- **PROBLEM**:
The lines below, from the one holding "76cm Burgundy Santa" through the one holding "Halloween Democracy Flag, Save", are to be restated word for word, with all images left out.

- **EXERCISE DATA**:

---*---

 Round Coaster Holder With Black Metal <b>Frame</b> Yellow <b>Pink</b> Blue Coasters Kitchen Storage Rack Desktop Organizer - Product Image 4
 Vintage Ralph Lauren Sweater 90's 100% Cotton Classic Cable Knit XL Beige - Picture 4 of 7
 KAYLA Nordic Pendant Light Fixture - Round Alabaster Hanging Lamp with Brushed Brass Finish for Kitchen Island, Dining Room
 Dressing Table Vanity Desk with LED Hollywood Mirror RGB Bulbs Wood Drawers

---*---

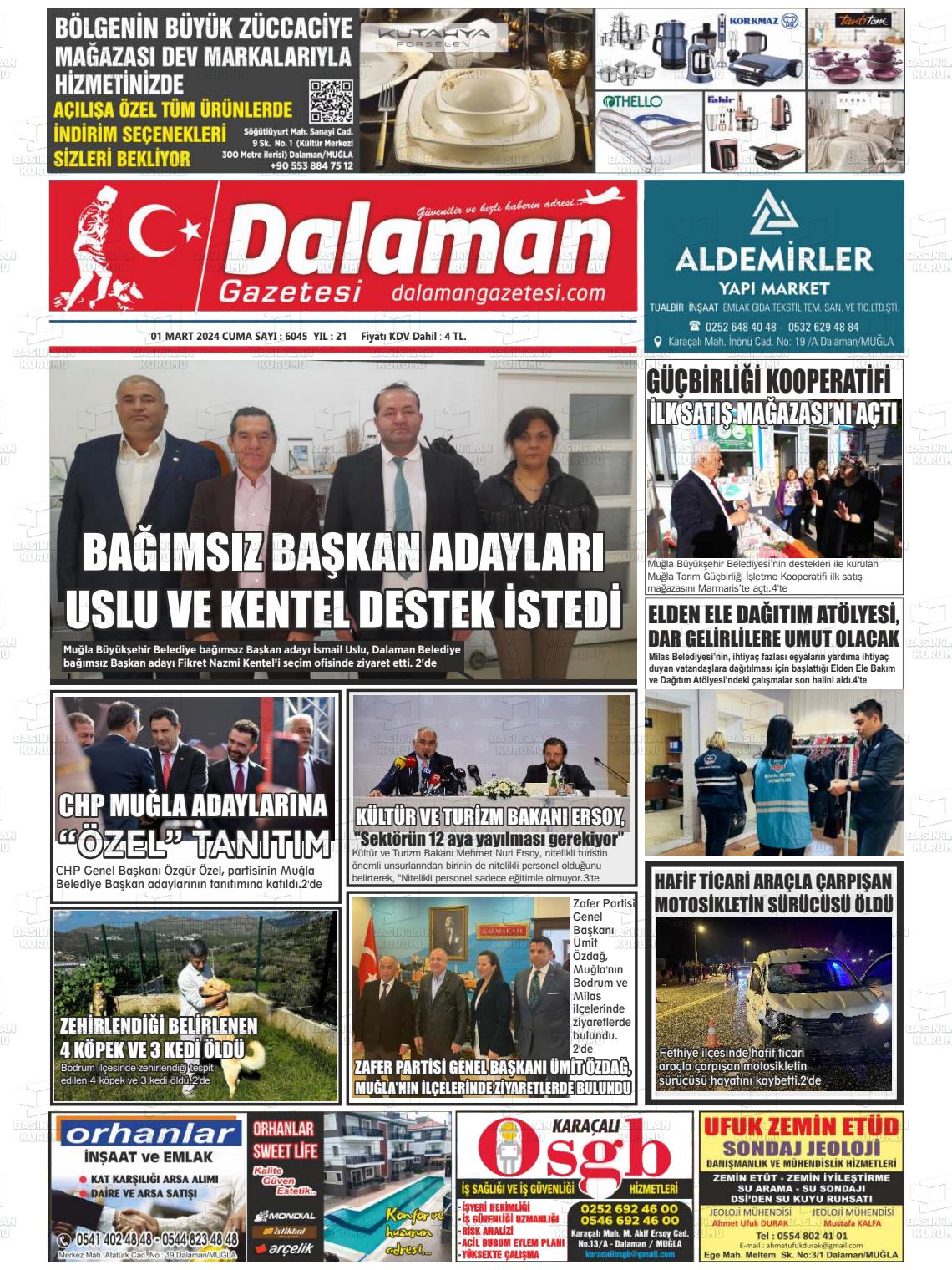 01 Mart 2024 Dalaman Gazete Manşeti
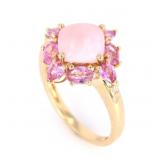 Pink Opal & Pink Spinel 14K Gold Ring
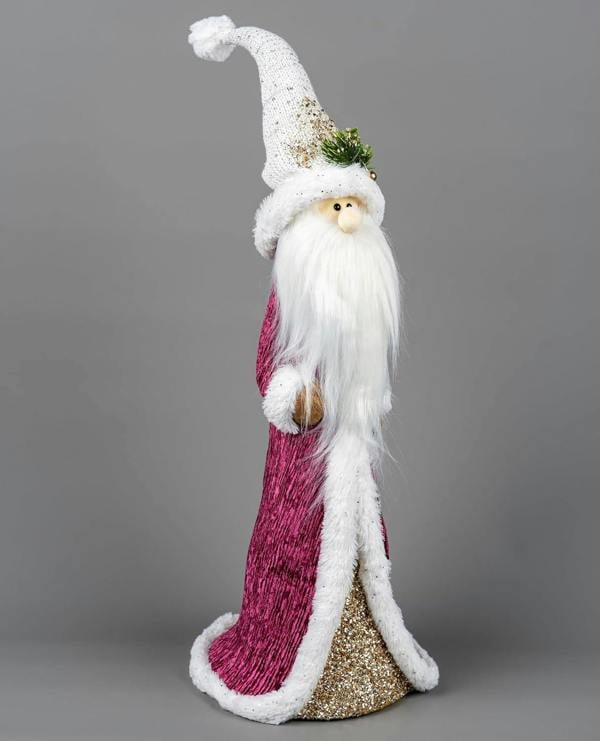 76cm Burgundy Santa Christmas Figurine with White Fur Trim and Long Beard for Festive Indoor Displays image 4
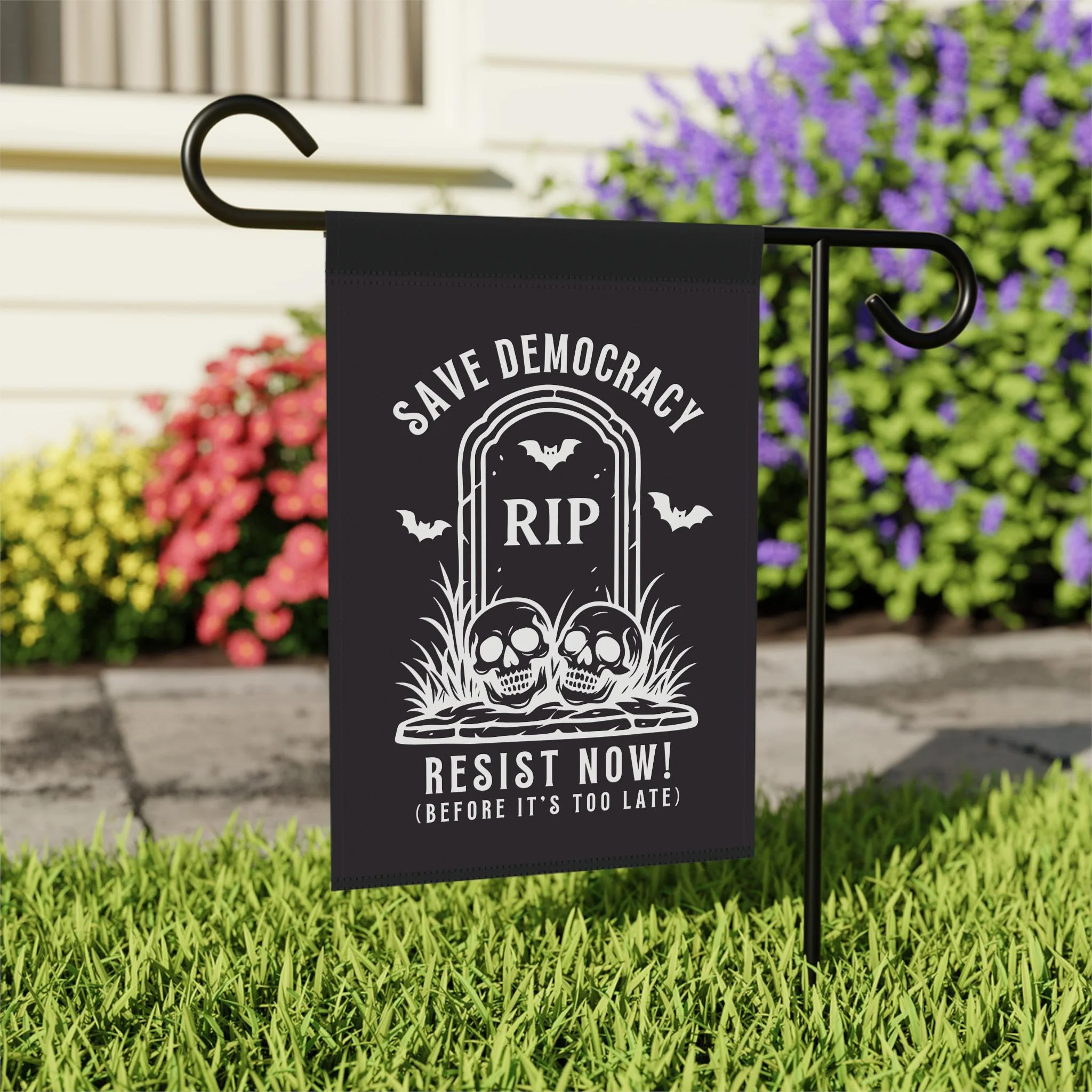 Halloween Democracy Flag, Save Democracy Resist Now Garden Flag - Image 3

---*---

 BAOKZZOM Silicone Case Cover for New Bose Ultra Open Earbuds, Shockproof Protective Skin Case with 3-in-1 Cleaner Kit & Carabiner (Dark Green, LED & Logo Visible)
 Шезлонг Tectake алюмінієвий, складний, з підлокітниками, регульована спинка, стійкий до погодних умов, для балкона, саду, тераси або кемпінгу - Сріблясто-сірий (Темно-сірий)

---*---

- **RESPONSE TO THE TASK**:
 76cm Burgundy Santa Christmas Figurine with White Fur Trim and Long Beard for Festive Indoor Displays image 4
 Halloween Democracy Flag, Save Democracy Resist Now Garden Flag - Image 3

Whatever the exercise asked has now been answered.